ADMINISTRATION IS always the enemy. In the Health Service the eternal cry is, get rid of the administrators and hire more doctors and nurses. In education, MPs ask why do we need so many people in local authority offices. This week the Inspectorate and the Accounts Commission have joined forces to back the campaign against the amount of bumf and admin in schools. Streamlining time spent on administration could free the equivalent of an extra 1,500 teachers.
If HMIs want to regain staffroom confidence knocked by interpretations put on the recent Quality and Standards report, this is the way to go about it. Everyone likes to be told they are wasting time on paper shuffling when more important tasks await. Now teachers have the official imprimatur.

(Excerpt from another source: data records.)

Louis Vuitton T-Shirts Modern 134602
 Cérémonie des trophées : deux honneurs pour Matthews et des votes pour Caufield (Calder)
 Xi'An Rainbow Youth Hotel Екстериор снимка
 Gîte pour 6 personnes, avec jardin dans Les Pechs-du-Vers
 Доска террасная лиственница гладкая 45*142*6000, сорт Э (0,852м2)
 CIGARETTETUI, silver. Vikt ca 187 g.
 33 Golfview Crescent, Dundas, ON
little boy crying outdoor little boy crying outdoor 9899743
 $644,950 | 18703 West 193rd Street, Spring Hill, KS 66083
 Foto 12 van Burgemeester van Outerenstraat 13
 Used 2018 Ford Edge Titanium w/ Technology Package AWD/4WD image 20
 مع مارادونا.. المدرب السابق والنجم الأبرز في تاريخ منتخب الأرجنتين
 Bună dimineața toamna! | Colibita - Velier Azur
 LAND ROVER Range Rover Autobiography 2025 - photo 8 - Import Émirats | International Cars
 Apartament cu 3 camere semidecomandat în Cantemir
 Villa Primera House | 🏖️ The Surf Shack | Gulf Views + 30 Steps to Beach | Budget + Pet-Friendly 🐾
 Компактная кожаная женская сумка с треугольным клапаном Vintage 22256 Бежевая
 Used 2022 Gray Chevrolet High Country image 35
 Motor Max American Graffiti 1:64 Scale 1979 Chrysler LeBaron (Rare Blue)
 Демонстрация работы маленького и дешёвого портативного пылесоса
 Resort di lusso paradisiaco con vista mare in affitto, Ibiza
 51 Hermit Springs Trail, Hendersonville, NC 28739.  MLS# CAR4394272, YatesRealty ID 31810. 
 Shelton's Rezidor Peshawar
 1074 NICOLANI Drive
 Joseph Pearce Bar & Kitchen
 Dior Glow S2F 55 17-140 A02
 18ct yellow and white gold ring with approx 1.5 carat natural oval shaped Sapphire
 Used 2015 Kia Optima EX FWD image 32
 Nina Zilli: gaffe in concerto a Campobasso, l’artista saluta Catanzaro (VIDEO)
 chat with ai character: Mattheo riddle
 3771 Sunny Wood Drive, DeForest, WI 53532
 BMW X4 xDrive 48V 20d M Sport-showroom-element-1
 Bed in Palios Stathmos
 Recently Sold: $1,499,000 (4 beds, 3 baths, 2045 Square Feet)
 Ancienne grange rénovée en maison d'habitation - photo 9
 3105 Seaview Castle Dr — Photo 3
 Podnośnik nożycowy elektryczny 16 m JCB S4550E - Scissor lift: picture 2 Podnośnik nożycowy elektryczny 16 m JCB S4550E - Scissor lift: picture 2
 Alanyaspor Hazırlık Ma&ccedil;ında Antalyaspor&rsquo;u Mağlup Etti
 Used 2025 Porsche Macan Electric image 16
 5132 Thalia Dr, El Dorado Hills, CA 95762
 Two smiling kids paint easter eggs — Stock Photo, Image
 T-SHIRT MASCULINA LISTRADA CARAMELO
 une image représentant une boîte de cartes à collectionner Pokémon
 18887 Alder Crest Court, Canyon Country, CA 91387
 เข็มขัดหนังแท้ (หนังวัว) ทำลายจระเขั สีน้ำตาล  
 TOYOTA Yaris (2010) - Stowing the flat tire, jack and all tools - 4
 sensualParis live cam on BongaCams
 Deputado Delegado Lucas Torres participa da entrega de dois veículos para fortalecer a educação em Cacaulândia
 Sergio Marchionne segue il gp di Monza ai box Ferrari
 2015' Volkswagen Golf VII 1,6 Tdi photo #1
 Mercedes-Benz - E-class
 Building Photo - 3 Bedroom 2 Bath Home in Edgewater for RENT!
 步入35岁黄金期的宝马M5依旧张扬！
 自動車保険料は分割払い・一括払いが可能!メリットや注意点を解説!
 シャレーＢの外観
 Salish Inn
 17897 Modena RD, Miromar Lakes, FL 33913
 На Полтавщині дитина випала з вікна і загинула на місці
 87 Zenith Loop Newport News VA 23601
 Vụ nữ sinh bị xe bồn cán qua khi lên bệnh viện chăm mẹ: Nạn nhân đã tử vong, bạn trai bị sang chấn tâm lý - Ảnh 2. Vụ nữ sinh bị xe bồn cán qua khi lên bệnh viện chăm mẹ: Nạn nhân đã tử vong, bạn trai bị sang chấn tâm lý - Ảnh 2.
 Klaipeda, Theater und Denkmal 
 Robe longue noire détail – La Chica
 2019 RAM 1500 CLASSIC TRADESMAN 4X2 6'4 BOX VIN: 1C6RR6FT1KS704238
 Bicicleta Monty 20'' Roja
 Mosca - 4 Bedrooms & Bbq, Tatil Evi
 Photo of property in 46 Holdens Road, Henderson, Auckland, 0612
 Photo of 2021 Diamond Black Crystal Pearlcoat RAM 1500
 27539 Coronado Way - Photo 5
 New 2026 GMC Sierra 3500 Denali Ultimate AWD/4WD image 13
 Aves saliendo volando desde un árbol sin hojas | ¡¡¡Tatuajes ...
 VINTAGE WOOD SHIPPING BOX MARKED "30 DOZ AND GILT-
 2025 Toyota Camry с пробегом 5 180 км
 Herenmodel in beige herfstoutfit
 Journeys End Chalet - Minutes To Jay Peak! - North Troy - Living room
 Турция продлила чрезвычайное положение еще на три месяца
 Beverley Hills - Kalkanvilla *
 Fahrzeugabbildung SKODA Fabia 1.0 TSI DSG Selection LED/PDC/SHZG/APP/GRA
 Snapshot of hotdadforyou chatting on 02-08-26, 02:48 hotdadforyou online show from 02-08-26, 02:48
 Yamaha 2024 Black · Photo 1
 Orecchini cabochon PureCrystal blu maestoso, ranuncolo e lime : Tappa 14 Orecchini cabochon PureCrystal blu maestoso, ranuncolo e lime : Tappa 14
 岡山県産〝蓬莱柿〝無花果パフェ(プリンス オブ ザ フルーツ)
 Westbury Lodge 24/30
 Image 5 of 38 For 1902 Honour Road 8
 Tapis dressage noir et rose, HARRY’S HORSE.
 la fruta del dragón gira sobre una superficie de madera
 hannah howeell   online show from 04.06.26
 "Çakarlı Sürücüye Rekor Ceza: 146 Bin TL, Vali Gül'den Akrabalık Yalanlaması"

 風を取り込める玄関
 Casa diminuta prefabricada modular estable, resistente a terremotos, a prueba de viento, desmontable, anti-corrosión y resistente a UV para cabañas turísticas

But, it has to be added, little by way of practical answer to the problem. The Inspectorate is no different from other bodies in adding to the burdens when the needs of state dictate. The target-setting exercise for schools is a case in point. So for that matter is Higher Still with its extra demands on assessment. The electronic revolution is supposedly propelling us towards a paperless society, but in practice it looks farther away than ever.
This week's report takes its own argument on a step. Administrative chores should be undertaken by support staff. Two problems arise. Who is to pay for extra help? The Government is bankrolling a tranche of classroom assistants but while P1 needs shoelace-tiers, other bits of education would welcome different kinds of help, so far unfunded. Second, much administration is produced by professional activity and can only be handled by teachers. Recording pupil progress is notoriously time consuming but cannot be devolved.